I talk about this when I do hiring. Our process isn't designed to find the best person for the job. We want to hire the first person who passes our bar for hiring. We just don't have the need or budget for the best and smartest people. But we often hire very excellent and very smart people!
It's kind of like the high jump. You get the same result whether you're an inch over the bar or a foot.
Just due to the law of large numbers, any company at or above the size of Lyft is going to have mostly very average engineers. There just aren't many "10×" engineers out there in the market regardless of how much you pay. The key to effective management is figuring out how to obtain extraordinary value from average people: this can be done but it's largely a matter of organizational culture.
Very average? How do you figure that? If you're paying top dollar, which Lyft did for most of its existence, you're going to picking from a pool of the top few percent. Even 1% of all software developers is many times more than Lyft's headcount.
I'm curious, who do you think is hiring the 10th percentile engineers? What are those people doing?
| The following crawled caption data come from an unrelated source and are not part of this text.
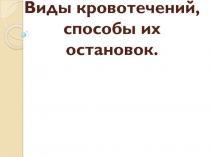 Виды кровотечений, способы их остановок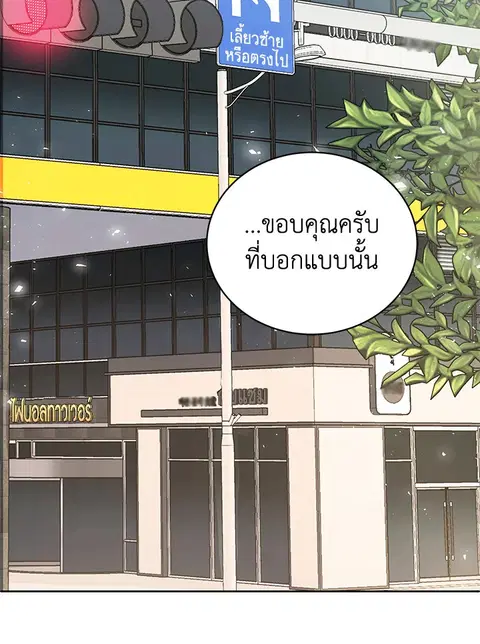 The Descent of the Demonic Master ตอนที่ 117 หน้า 2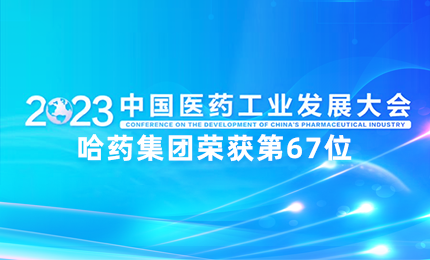 【喜讯】中国医药工业百强榜单发布：恒峰国际g22排名第67位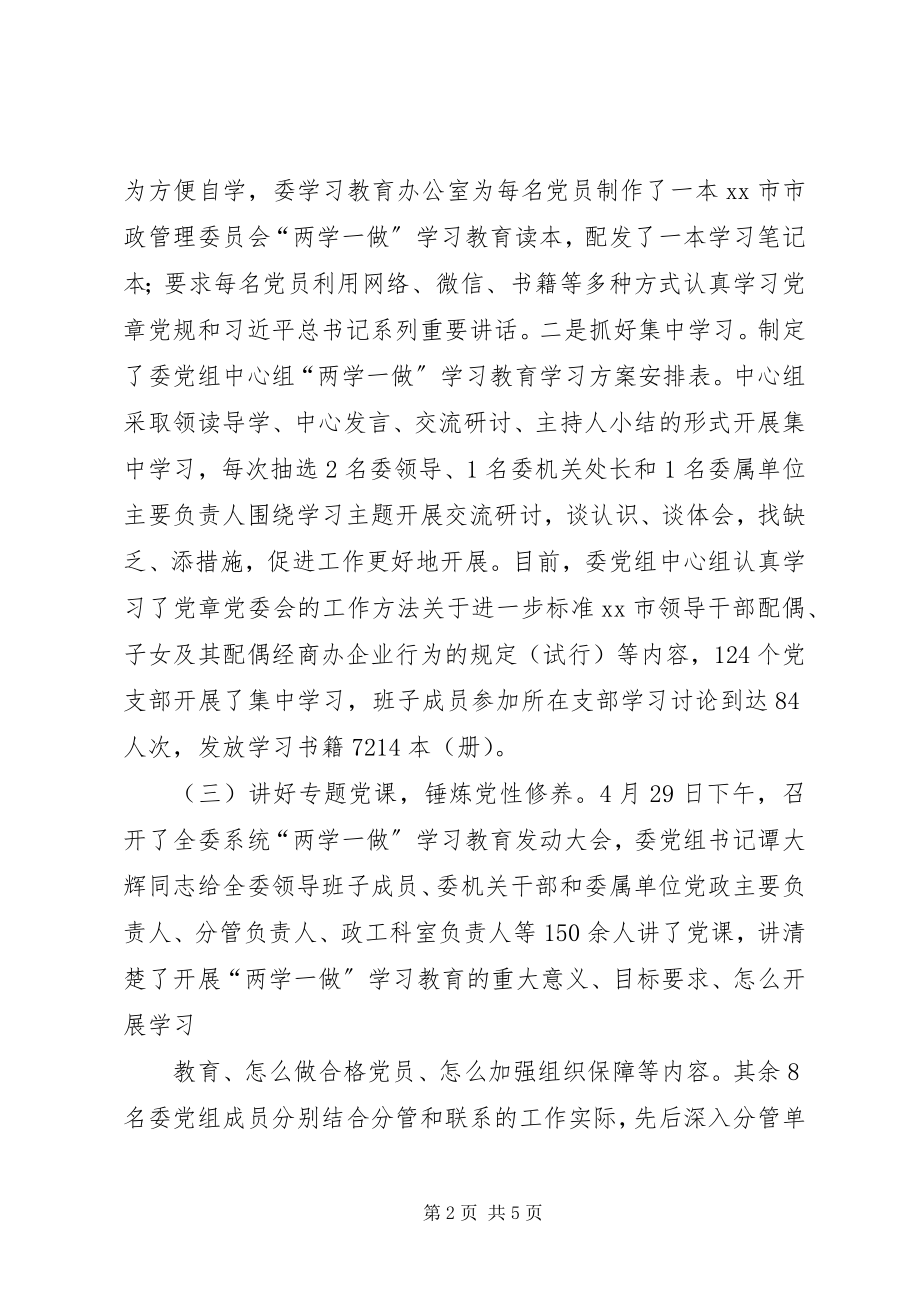 2023年市政管理委员会党组关于“两学一做”学习教育情况的报告.docx_第2页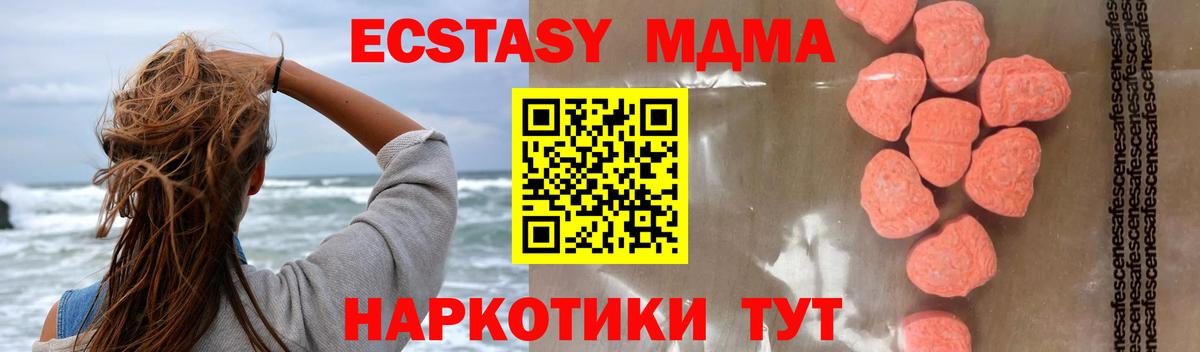 MDMA  МДМА VHQ  МДМА Molly  Вход с VPN  Шелехов 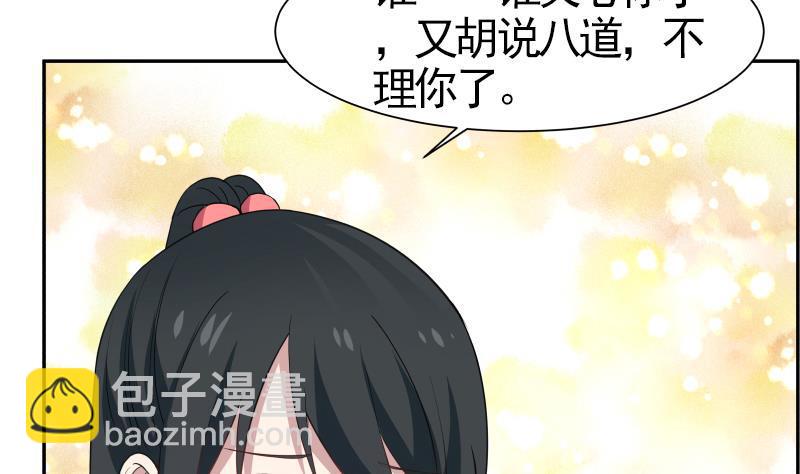 第3话 出人命了！-第3话
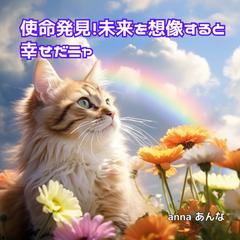 Amazon電子書籍　幸運を引き寄せるメッセージ絵本で検索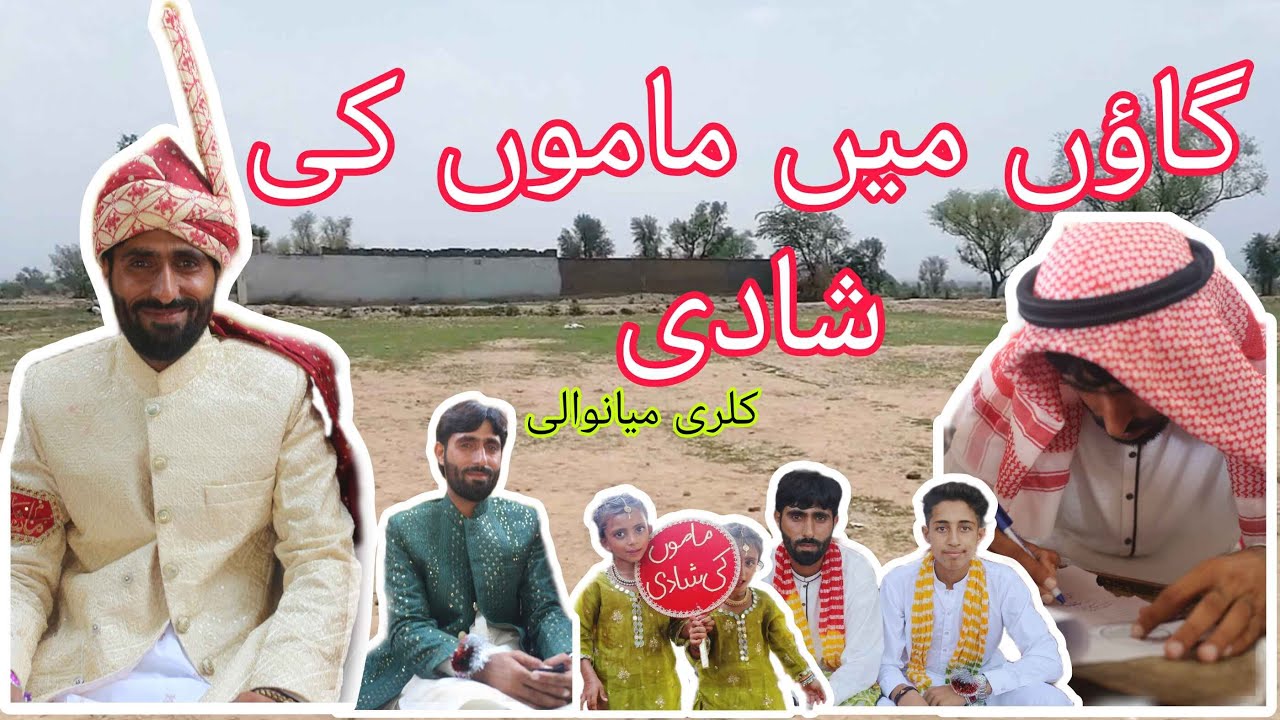 Village Weddings | Mamo Ki Shadi | Village Wedding Functions | Mehndi Nikkah | Qazi Mubashir Vlogs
That's not how it works in the real world. There are a bunch of other companies also targeting the top few percent. Mathematically it isn't possible for them all to succeed in that goal regardless of their hiring process or compensation levels. If you actually talk to those engineers it's clear that beyond ability to solve "leetcode" type problems they are mostly pretty average.
Why not claim you have engineers that deliver the best value to shareholders? Employing the smartest people in the world to make an app to skim money off taxi going from point A to point B can't possibly be a judicious good value use of human resources, especially in the context of the extreme premium those at the absolute top demand.